As used in this prospectus, the term “debt securities” means the debentures, notes, bonds and other evidences of indebtedness that we may issue from time to time. The debt securities will either be senior debt securities, senior subordinated debt or subordinated debt securities. We may also issue convertible debt securities. Debt securities issued under an indenture (which we refer to herein as an Indenture) will be issued pursuant to an indenture entered into between us and a trustee to be named therein and in the applicable prospectus supplement. It is likely that convertible debt securities will not be issued under an Indenture.

We have filed a form of Indenture as an exhibit to the registration statement of which this prospectus is a part. Amended, restated and/or supplemental Indentures and forms of debt securities containing the specific terms of the debt securities that we may offer in the future will be filed as exhibits to the registration statement of which this prospectus is a part or will be incorporated by reference from reports that we file with the SEC. The statements and descriptions in this prospectus or in any prospectus supplement regarding provisions of the Indentures and debt securities are summaries thereof, do not purport to be complete and are subject to, and are qualified in their entirety by reference to, all of the provisions of the Indentures (and any amendments or supplements we may enter into from time to time which are permitted under each Indenture) and the debt securities, including the definitions therein of certain terms.

General

Unless otherwise specified in a prospectus supplement, the debt securities will be direct secured or unsecured obligations of our company. The senior debt securities will rank equally with any of our other unsecured senior and unsubordinated debt. The subordinated debt securities will be subordinate and junior in right of payment to any senior indebtedness.

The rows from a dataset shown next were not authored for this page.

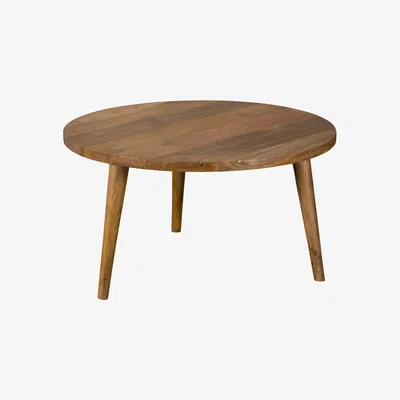 Knees Ezra Mango Wood Coffee Table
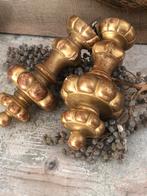 Antiek franse  embrasse / verguld, Antiek en Kunst, Antiek | Woonaccessoires, Ophalen of Verzenden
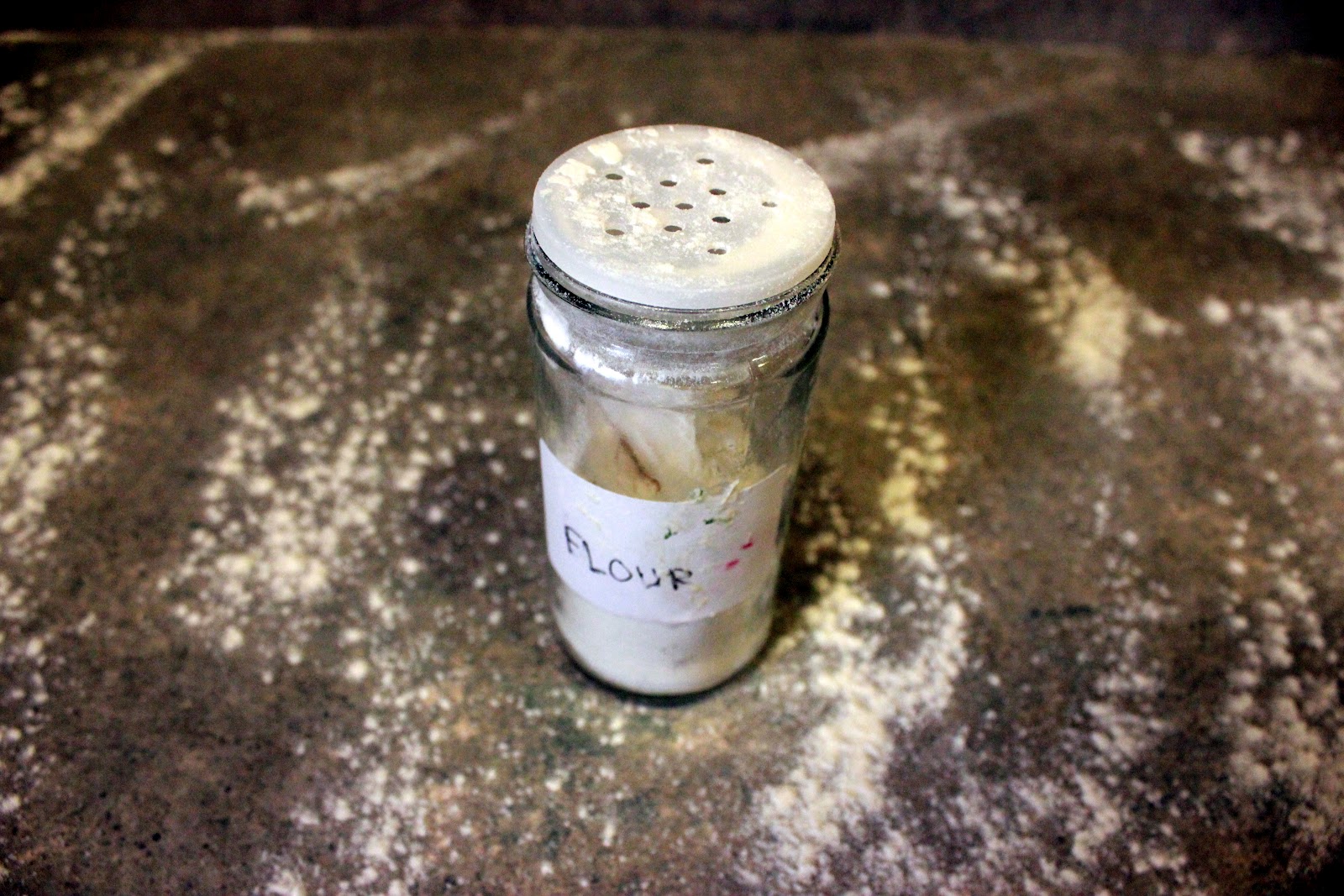 Flour Duster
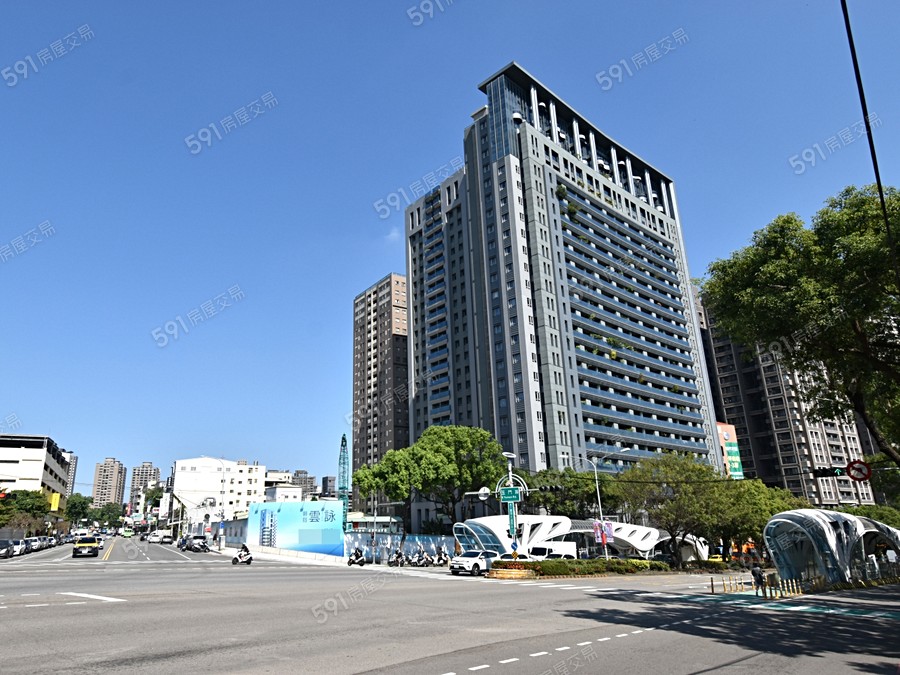 磐鈺雲詠實景圖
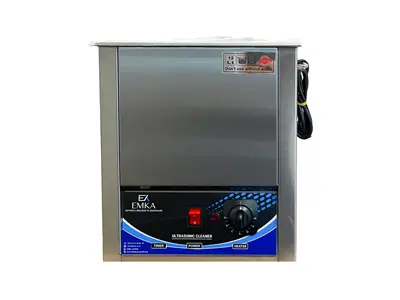 12 Liter Ultrasonic Cleaning Machine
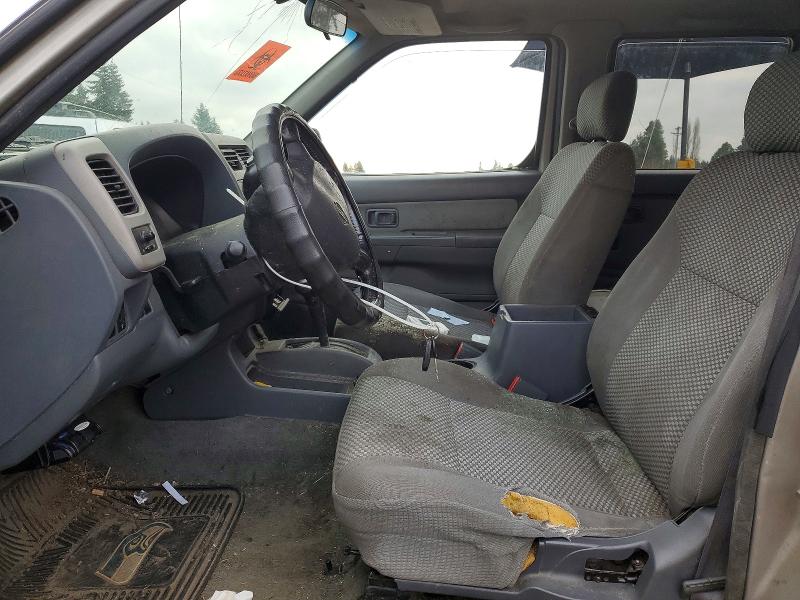 Photo 7 from auction – 2001 NISSAN FRONTIER C with VIN 1N6ED27T71C375676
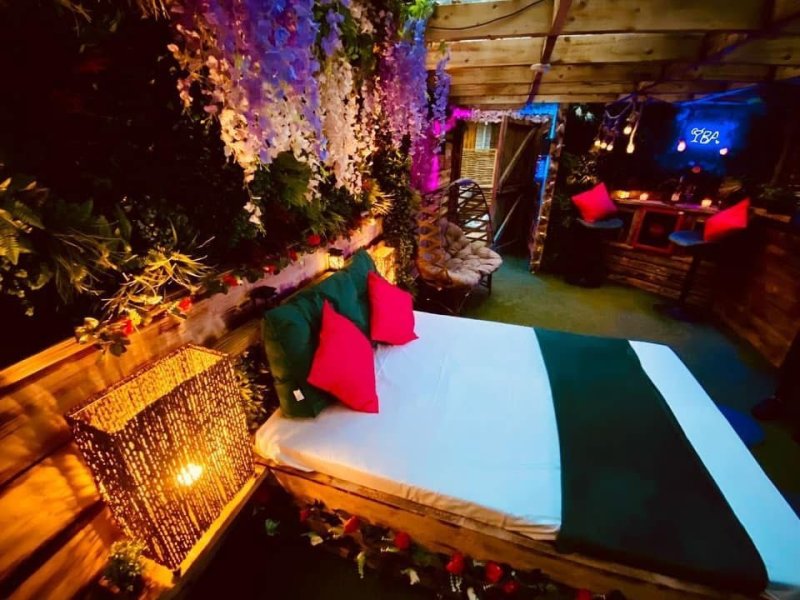 Sherwood Sylvan 4 - Enchanted Lodge photo 14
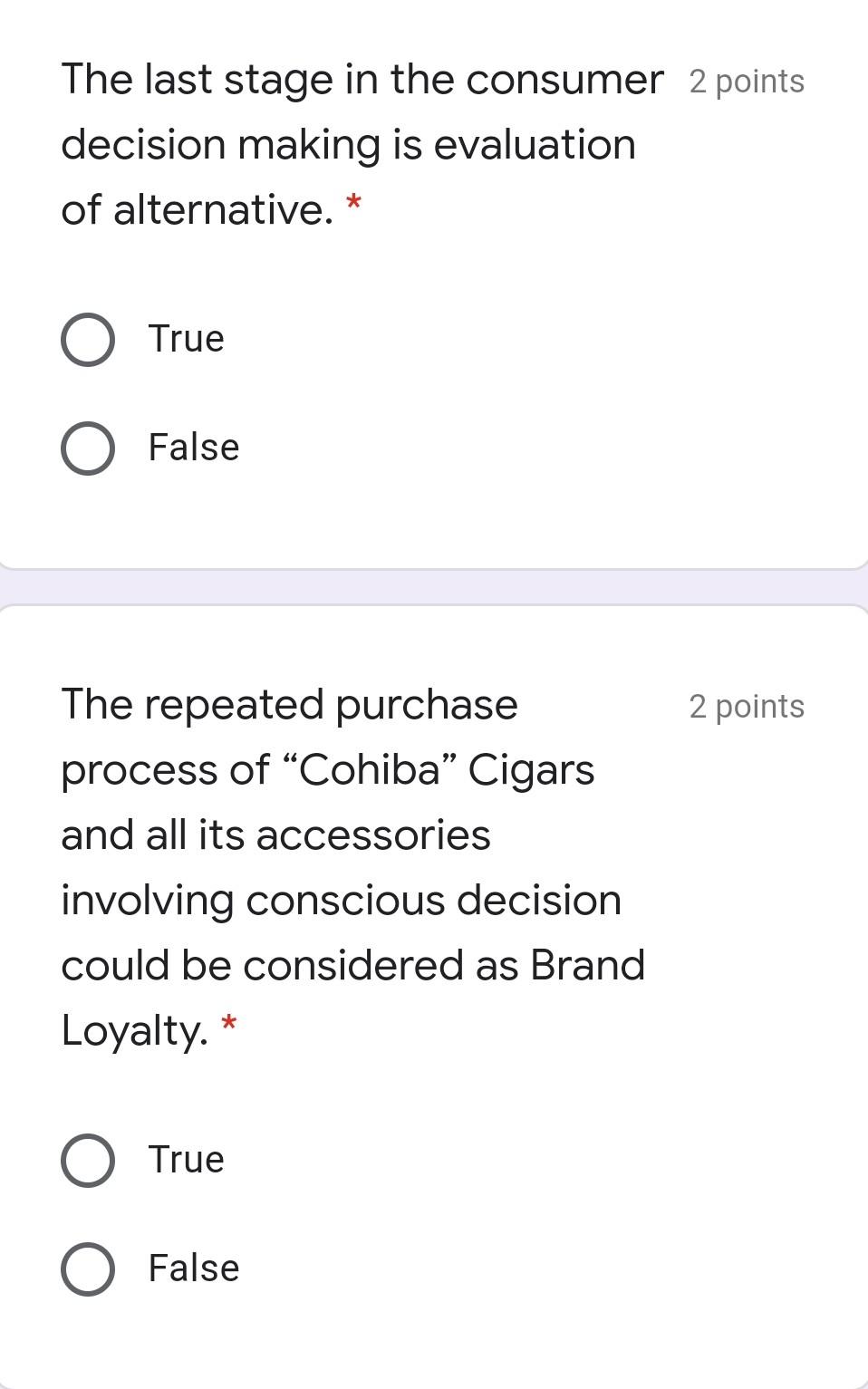 2 points Lara bought a bag Bledina baby Food for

We may issue debt securities from time to time in one or more series, in each case with the same or various maturities, at par or at a discount. Unless indicated in a prospectus supplement, we may issue additional debt securities of a particular series without the consent of the holders of the debt securities of such series outstanding at the time of the issuance. Any such additional debt securities, together with all other outstanding debt securities of that series, will constitute a single series of debt securities under the applicable Indenture and will be equal in ranking.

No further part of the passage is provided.